Exact repetition of a range: find the line containing "Glenolden PA Pediatrician" and the line containing "big red faced, apple?, character, street" in the material below, then repeat both and all lines between them, leaving pictures out.

========

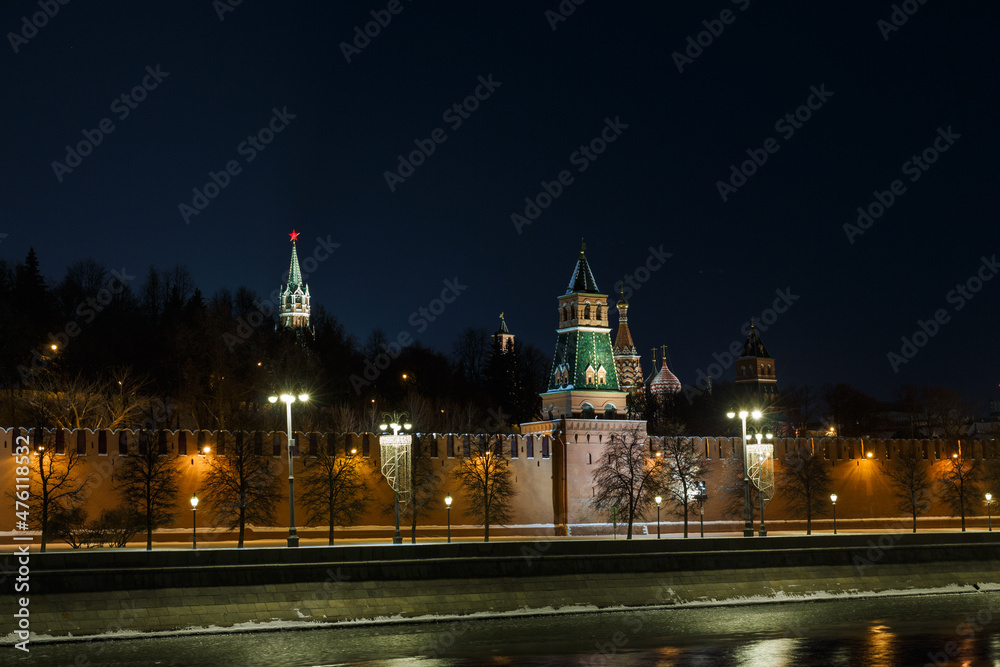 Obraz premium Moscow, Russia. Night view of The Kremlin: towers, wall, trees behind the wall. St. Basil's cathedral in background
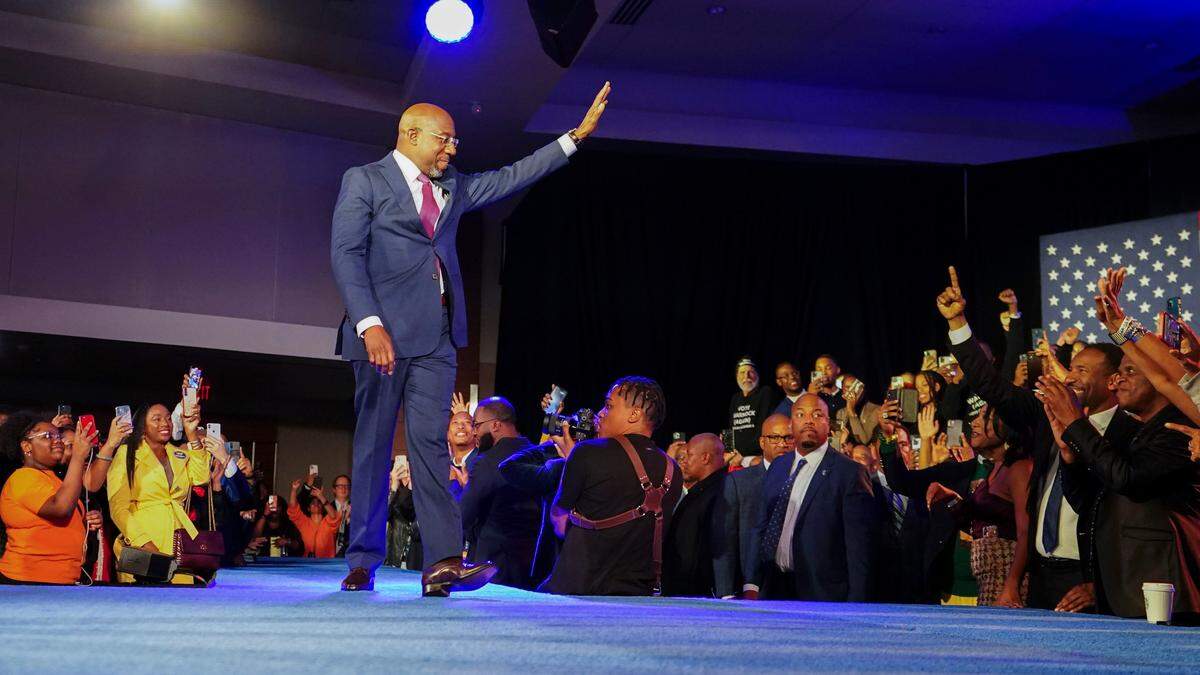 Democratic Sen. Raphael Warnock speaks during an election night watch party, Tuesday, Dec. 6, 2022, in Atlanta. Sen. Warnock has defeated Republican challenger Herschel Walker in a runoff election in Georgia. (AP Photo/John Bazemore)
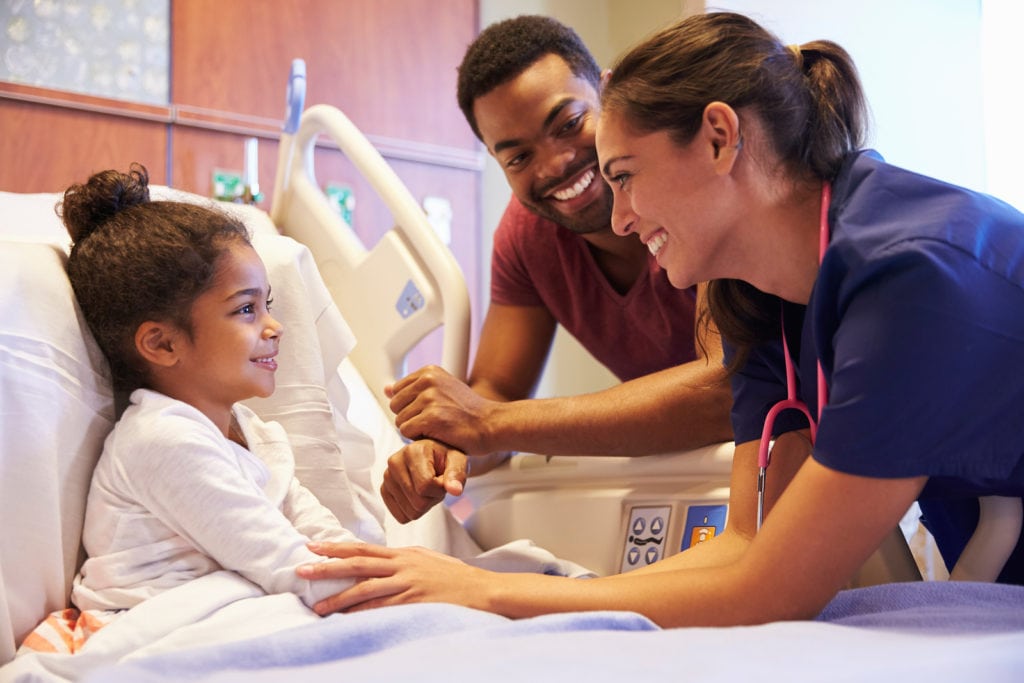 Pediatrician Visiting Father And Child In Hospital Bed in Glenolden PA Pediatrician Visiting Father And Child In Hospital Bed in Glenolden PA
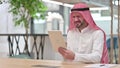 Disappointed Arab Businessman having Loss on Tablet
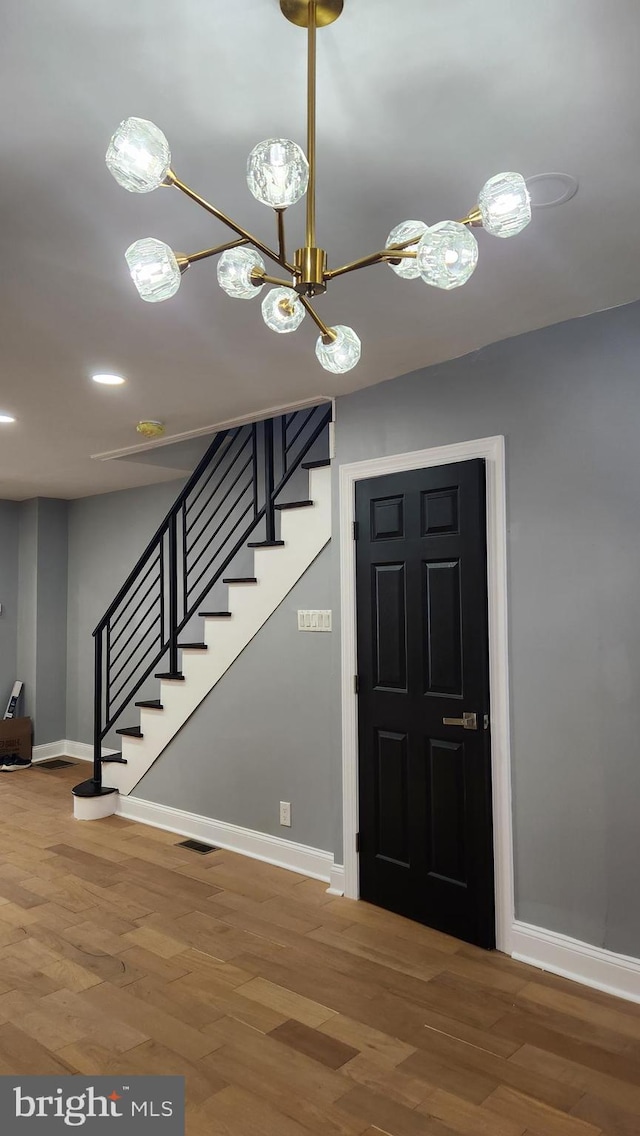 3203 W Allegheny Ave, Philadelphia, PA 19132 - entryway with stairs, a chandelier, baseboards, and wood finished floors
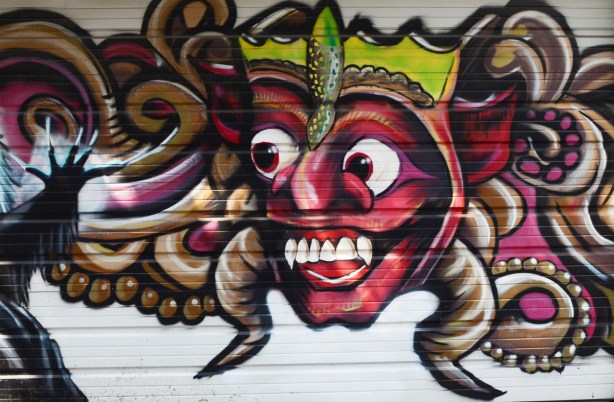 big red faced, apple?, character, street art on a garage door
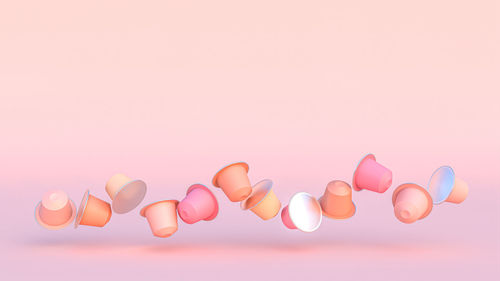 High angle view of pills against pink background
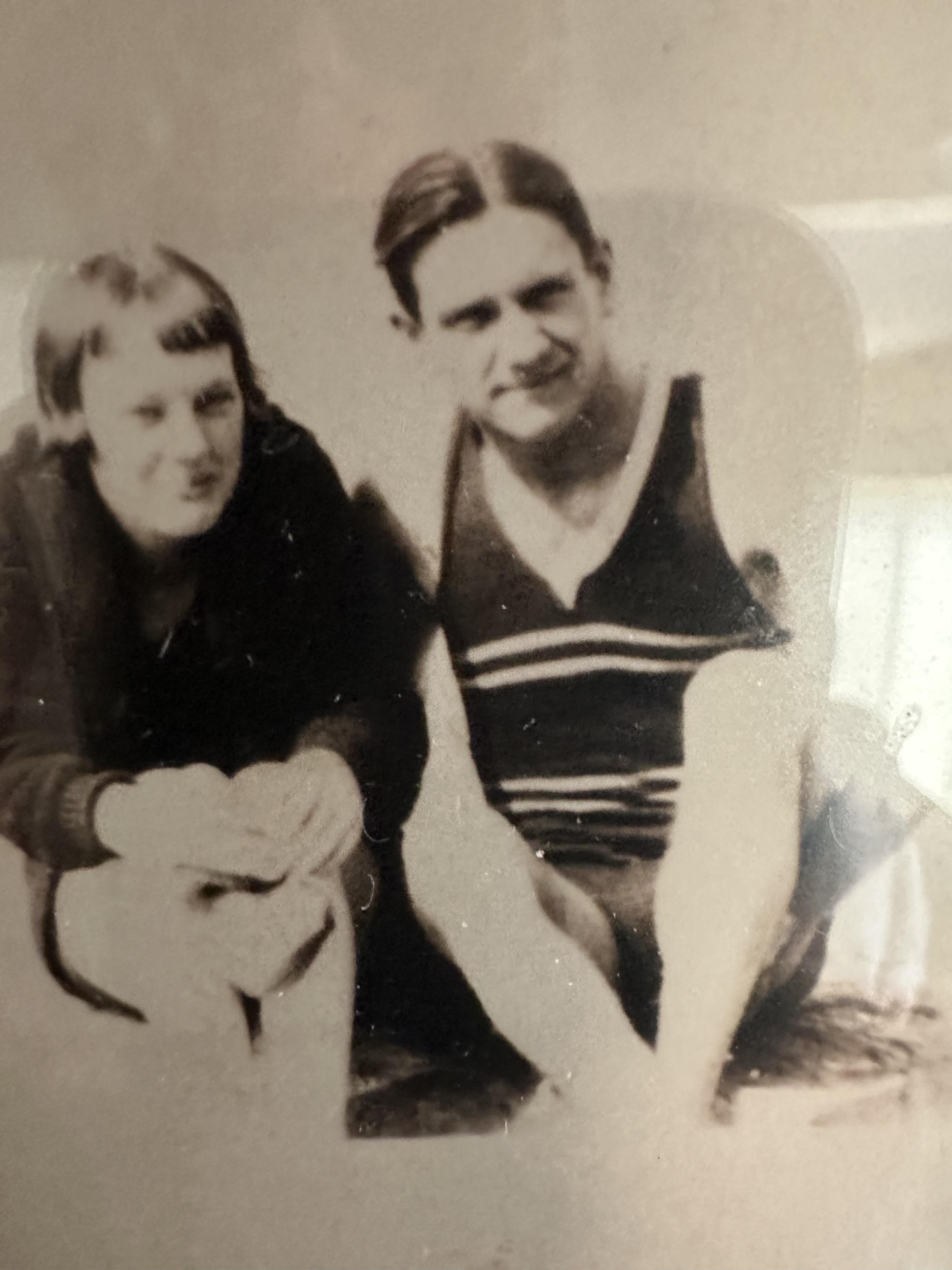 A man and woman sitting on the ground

========

◆ Exercise solution:
 Pediatrician Visiting Father And Child In Hospital Bed in Glenolden PA Pediatrician Visiting Father And Child In Hospital Bed in Glenolden PA
 Disappointed Arab Businessman having Loss on Tablet
 3203 W Allegheny Ave, Philadelphia, PA 19132 - entryway with stairs, a chandelier, baseboards, and wood finished floors
 big red faced, apple?, character, street art on a garage door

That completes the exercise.